Is there a 'conjugation' on every algebraically closed field?

Let $K$ be an algebraically closed field. Then the polynomial $x^2+1\in K[x]$ has two distinct roots (when $K$ doesn't have characteristic 2). Let's suggestively call them $i$ and $-i$.

Does there exist an automorphism $\phi$ of $K$ such that $\phi(i)=-i$?

This is something I've been wondering about for a while. I'm asking this question here because I, unfortunately, have very little background in field theory and have no clue on how to approach this problem. Any help is appreciated.

Not necessarily. For example, in the algebraic closure of $\mathbb F_5$, the two roots of $x^2+1$ are $1+1$ and $1+1+1$, and there's obviously no automorphism that interchanges them.

Henning's answer is correct. However, if we let $F$ be the smallest subfield of $K$ and $f(x) = x^2 + 1$ is irreducible in $F$, then your automorphism is legitimate. Here's why:

Let $L \subset K$ be its splitting field. Since $L$ is a splitting field of $f$, then it is by definition a Galois extension. At this point, we can consider the automorphism group $Aut(L/F)$. An element $\phi \in Aut(L/F)$ is a $F$-automorphism.

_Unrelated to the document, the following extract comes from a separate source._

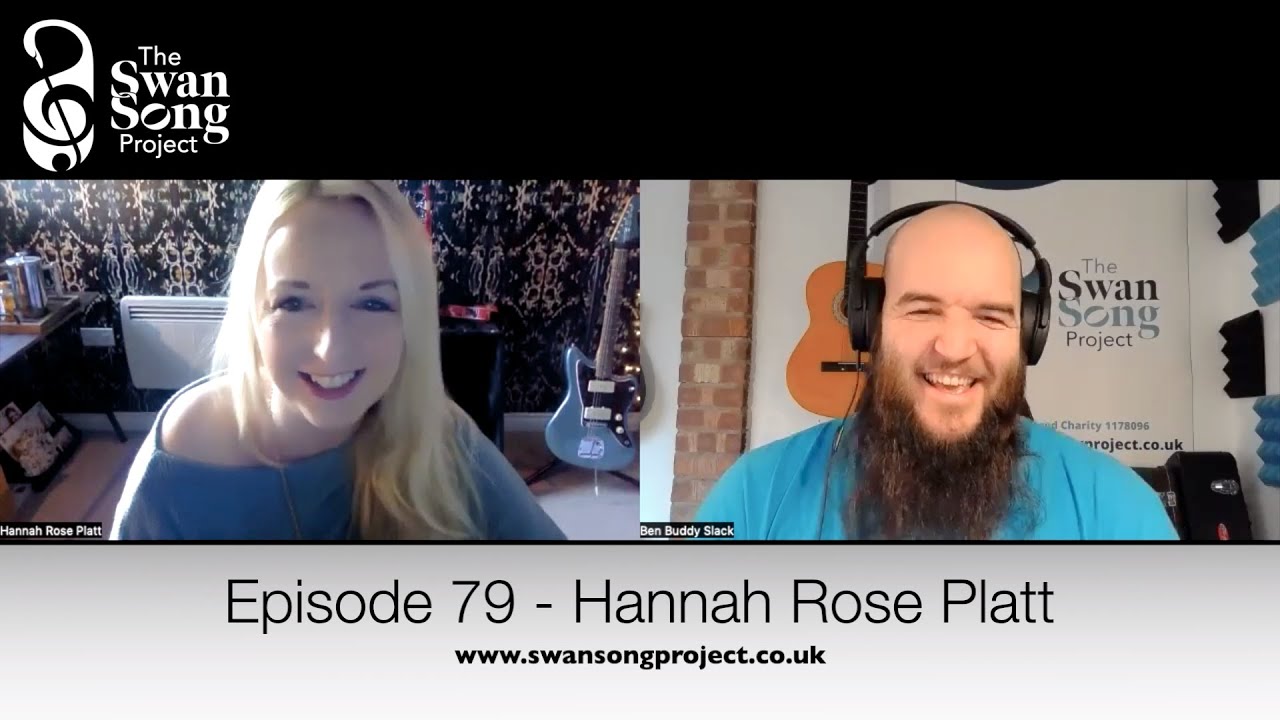 Swan Song Podcast #79 - Hannah Rose Platt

That is to say, it is an automorphism of $L$ (that can be extended to $K$) that fixes $F$.

Next, it is a theorem that, since $L$ is a Galois extension $[L:F] = |Aut(L/F)|$. It is also a theorem that the elements of $Aut(L/F)$ are uniquely determined by their actions, as permutations, on the roots of the polynomial.

Obviously, the identity automorphism will fix the roots of $f$. Since $f$ is irreducible in $F$, then $[L:F] > 1$, and so there must exist at least one nontrivial automorphism. Since there are only two roots that can be permuted, then that nontrivial automorphism must swap the roots of $f$.